Caption-style text data
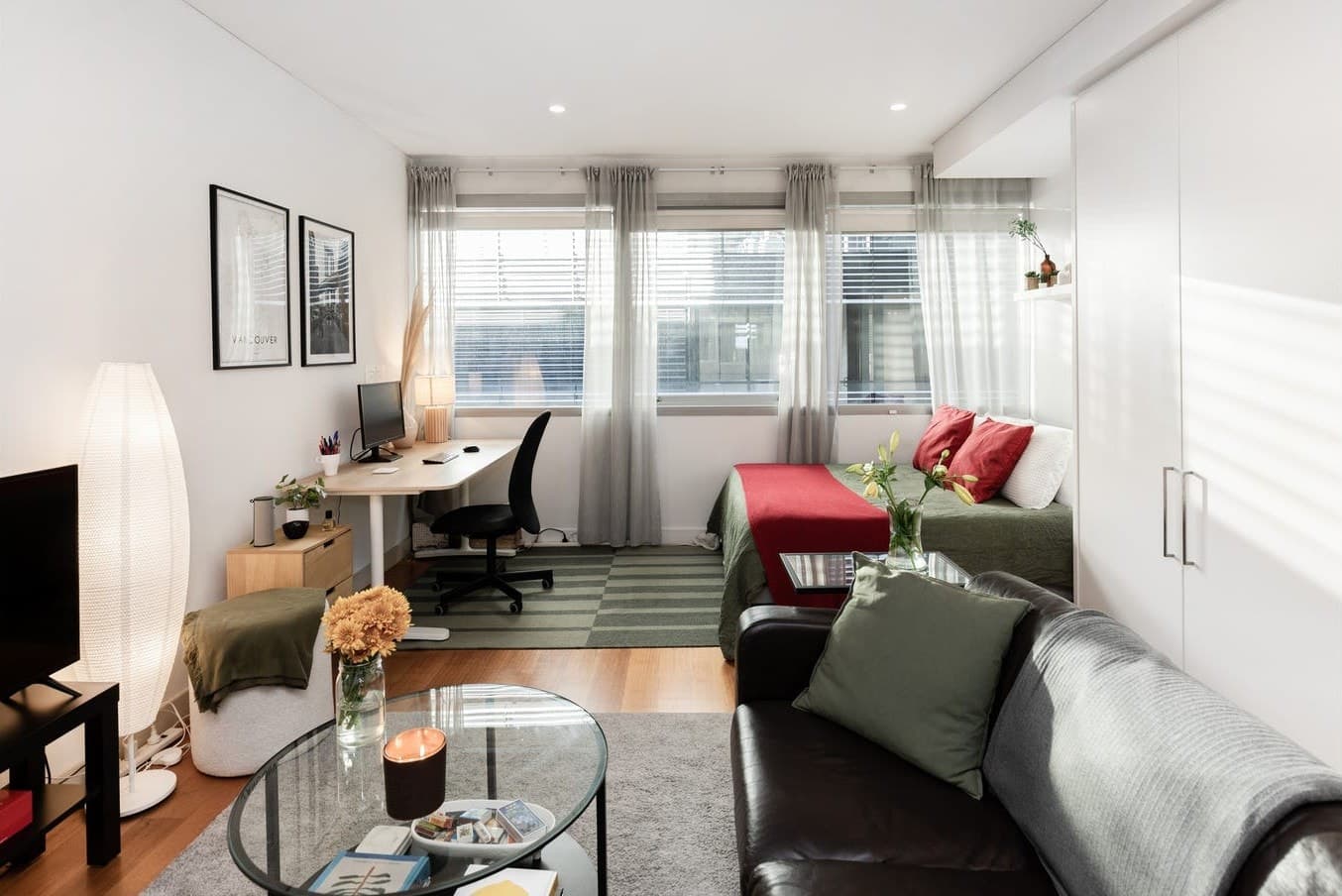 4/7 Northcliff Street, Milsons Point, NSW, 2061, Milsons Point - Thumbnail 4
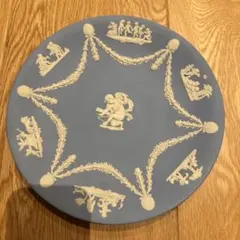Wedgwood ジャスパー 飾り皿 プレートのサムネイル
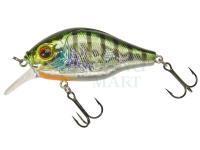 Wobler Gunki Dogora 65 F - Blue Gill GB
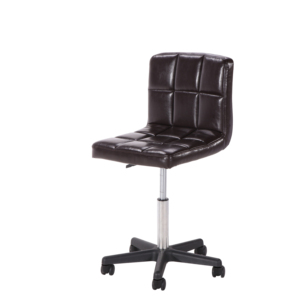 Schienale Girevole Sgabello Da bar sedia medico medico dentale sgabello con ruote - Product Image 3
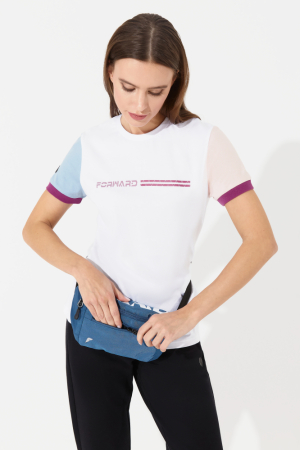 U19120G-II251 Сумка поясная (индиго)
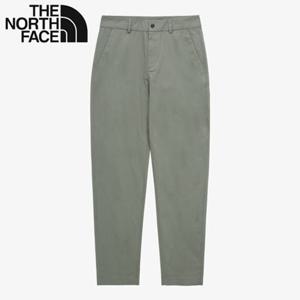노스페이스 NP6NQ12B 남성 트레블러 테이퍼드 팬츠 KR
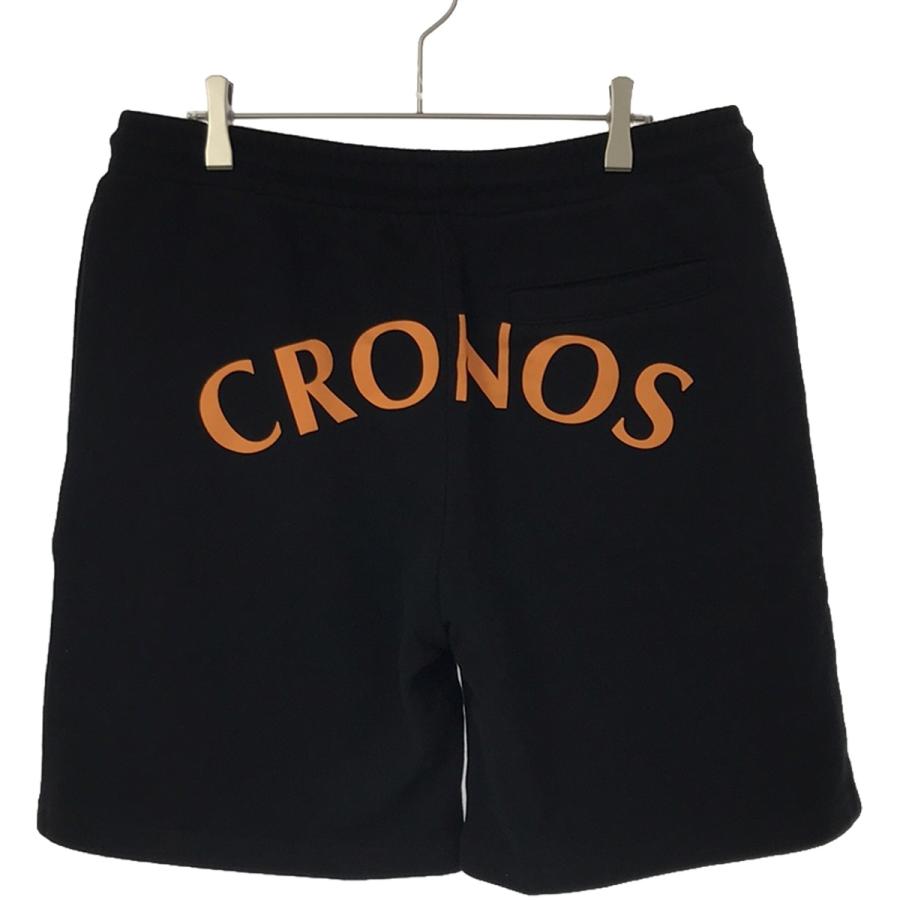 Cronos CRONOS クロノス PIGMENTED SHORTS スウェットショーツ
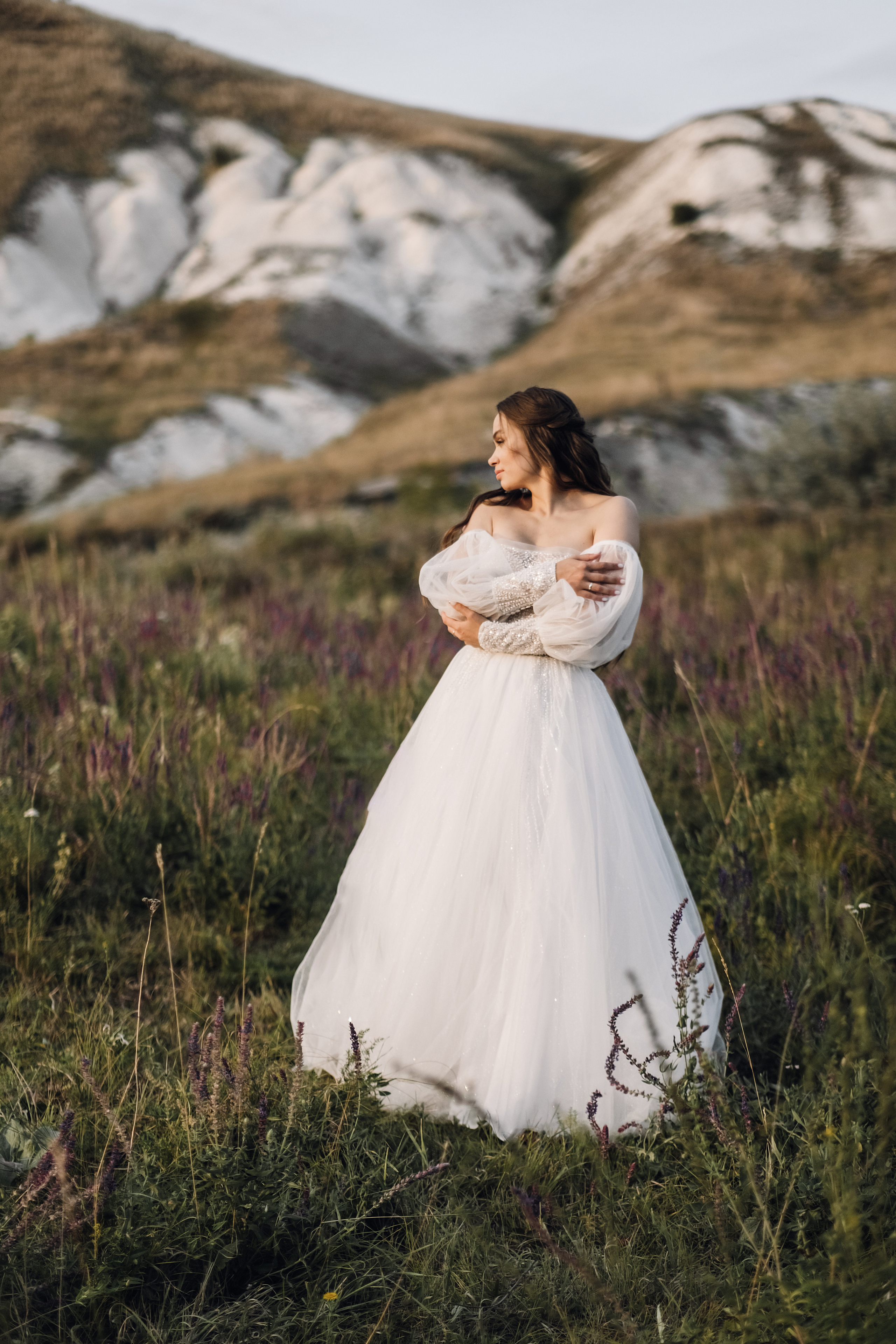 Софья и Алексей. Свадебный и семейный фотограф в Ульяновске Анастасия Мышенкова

> _About this exercise_
Only the lines from the one that contains "Wedgwood ジャスパー 飾り皿 プレートのサムネイル" to the end of the records, inclusive, are to be quoted exactly, with pictures excluded.

> _Final answer_
Wedgwood ジャスパー 飾り皿 プレートのサムネイル
 Wobler Gunki Dogora 65 F - Blue Gill GB
 Schienale Girevole Sgabello Da bar sedia medico medico dentale sgabello con ruote - Product Image 3
 U19120G-II251 Сумка поясная (индиго)
노스페이스 NP6NQ12B 남성 트레블러 테이퍼드 팬츠 KR
 Cronos CRONOS クロノス PIGMENTED SHORTS スウェットショーツ
 Софья и Алексей. Свадебный и семейный фотограф в Ульяновске Анастасия Мышенкова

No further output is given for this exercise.